Why Does Self-Distillation (Sometimes) Degrade the Reasoning Capability of LLMs?
Self-distillation has emerged as an effective post-training paradigm for LLMs, often improving performance while shortening reasoning traces. However, in mathematical reasoning, we find that it can reduce response length while degrading performance. We trace this degradation to the suppression of epistemic verbalization — the model's expression of uncertainty during reasoning. Through controlled experiments varying conditioning context richness and task coverage, we show that conditioning the teacher on rich information suppresses uncertainty expression, enabling rapid in-domain optimization with limited task coverage but harming OOD performance, where unseen problems benefit from expressing uncertainty and adjusting accordingly. Across Qwen3-1.7B/8B, DeepSeek-Distill-Qwen-7B, and Olmo3-7B-Instruct, we observe performance drops of up to 40%. Our findings highlight that exposing appropriate levels of uncertainty is crucial for robust reasoning and underscore the importance of optimizing reasoning behavior beyond merely reinforcing correct answer traces.
Our analysis reveals a consistent pattern: the more informative the context provided to the teacher, the more concise and confident the resulting reasoning becomes, with substantially fewer expressions of uncertainty and, particularly in math reasoning, degraded performance. We trace this effect to the suppression of epistemic verbalization, whereby models explicitly verbalize and incorporate uncertainty during reasoning. Strong reasoning models such as DeepSeek-R1 frequently express uncertainty using tokens like "Wait" or "Hmm". Although these expressions may not directly advance the reasoning, removing them discards important signals that a reasoning path may be flawed, leading to significant performance drops.
To systematically understand when and why self-distillation suppresses epistemic verbalization, we conduct a comprehensive empirical study and identify two key factors: information richness and task coverage. When the teacher is conditioned on richer information, such as the correct solution, it produces reasoning trajectories with little expressed uncertainty, encouraging the student to imitate a confident reasoning style that presupposes information unavailable at inference time. When task coverage is limited, this compression enables rapid in-domain optimization. However, as coverage increases, the trained removal of epistemic verbalization can interfere with optimization across diverse tasks, degrading performance on more challenging or previously unseen problems.

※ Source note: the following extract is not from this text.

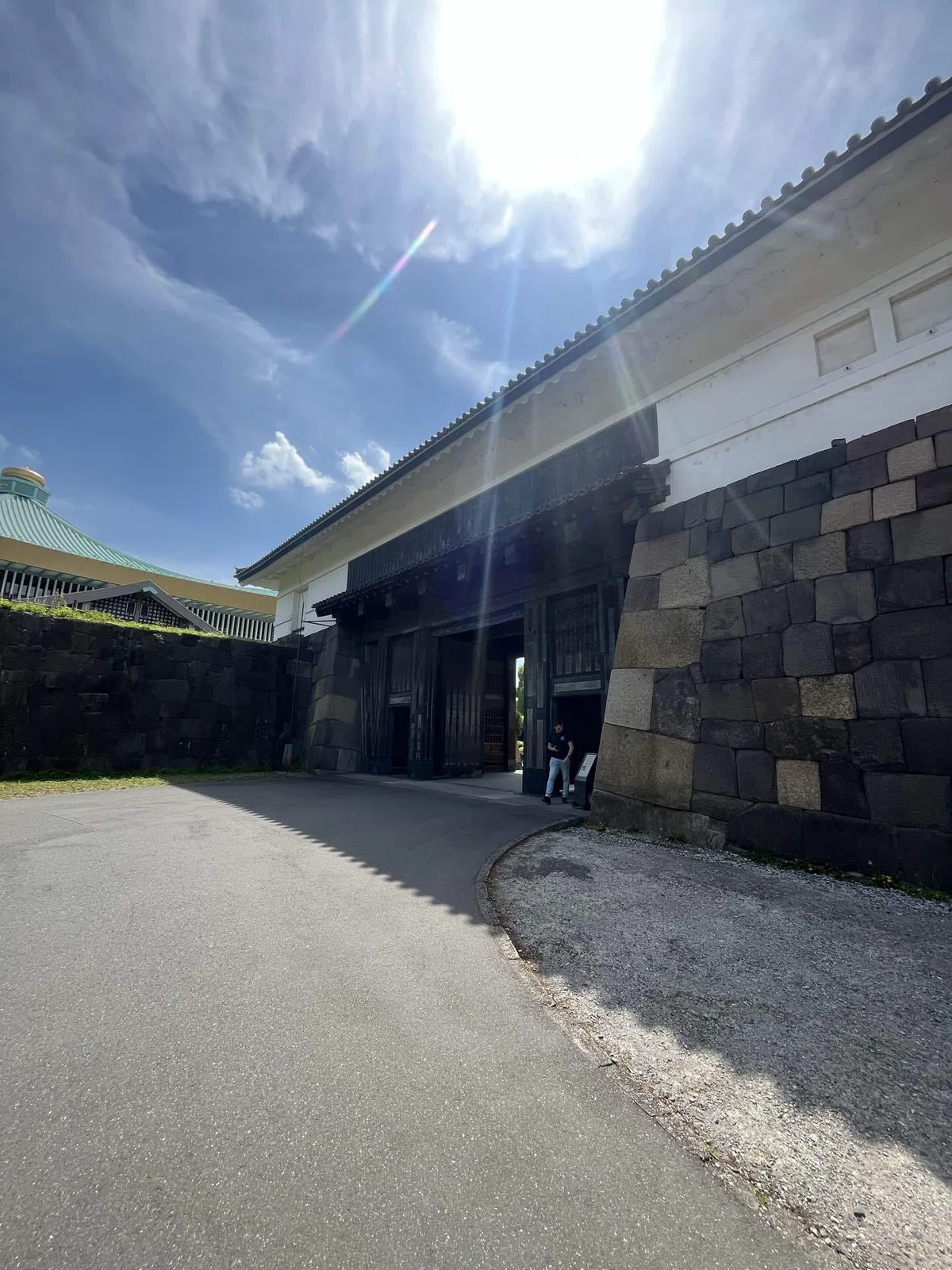 九段下駅近くの北の丸公園の入り口の田安門の画像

More broadly, our results show that even when the training objective faithfully guides the model toward correct reasoning traces, the resulting reasoning style can quietly shift in ways that hurt generalization. The suppression of epistemic verbalization is not penalized by standard objectives, yet negatively impacts out-of-distribution (OOD) performance. This suggests that post-training objectives need to account not only for answer correctness, but also for eliciting and preserving uncertainty-aware reasoning behaviors. We believe these findings offer a useful step toward a deeper understanding of reasoning in self-distillation and post-training more broadly.

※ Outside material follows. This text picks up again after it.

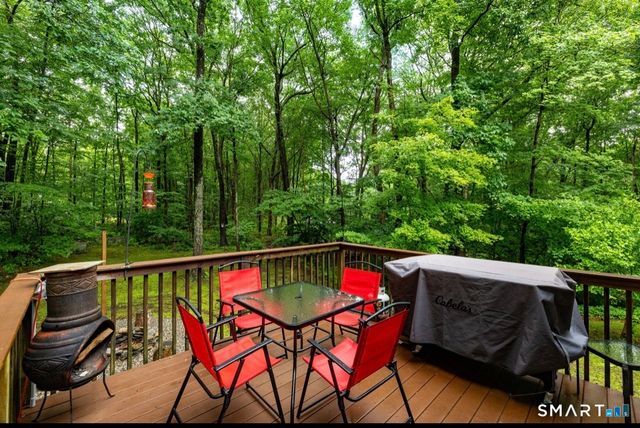 35 Hunt Road, Columbia, CT 06237
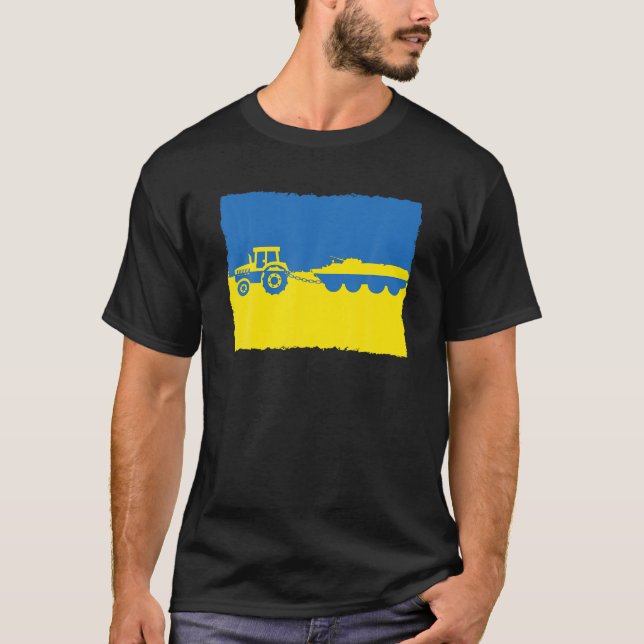 Ukraina Farmer Tractor Stealing A Russian Tank Rol T Shirt (Framsida)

In this work, we provide an empirical analysis of on-policy self-distillation, motivated by an information-theoretic view of conditioning context richness. Our experiments suggest that the effectiveness of self-distillation is closely tied to how information is provided to the model and how the model expresses uncertainty during reasoning. We observe that self-distillation tends to produce answers with higher confidence and shorter reasoning traces. While this effect enables more compact reasoning and can quickly improve in-domain performance when task coverage is limited, it becomes less effective when task coverage is broad and may even harm OOD performance. Importantly, the fact that performance can degrade even when a mathematically sound objective function is designed to elicit correct CoT reasoning suggests that the choice of optimization objective alone may not be sufficient for preserving robust reasoning, and that we need to pay closer attention to how training reshapes the model's reasoning behavior, beyond answer correctness.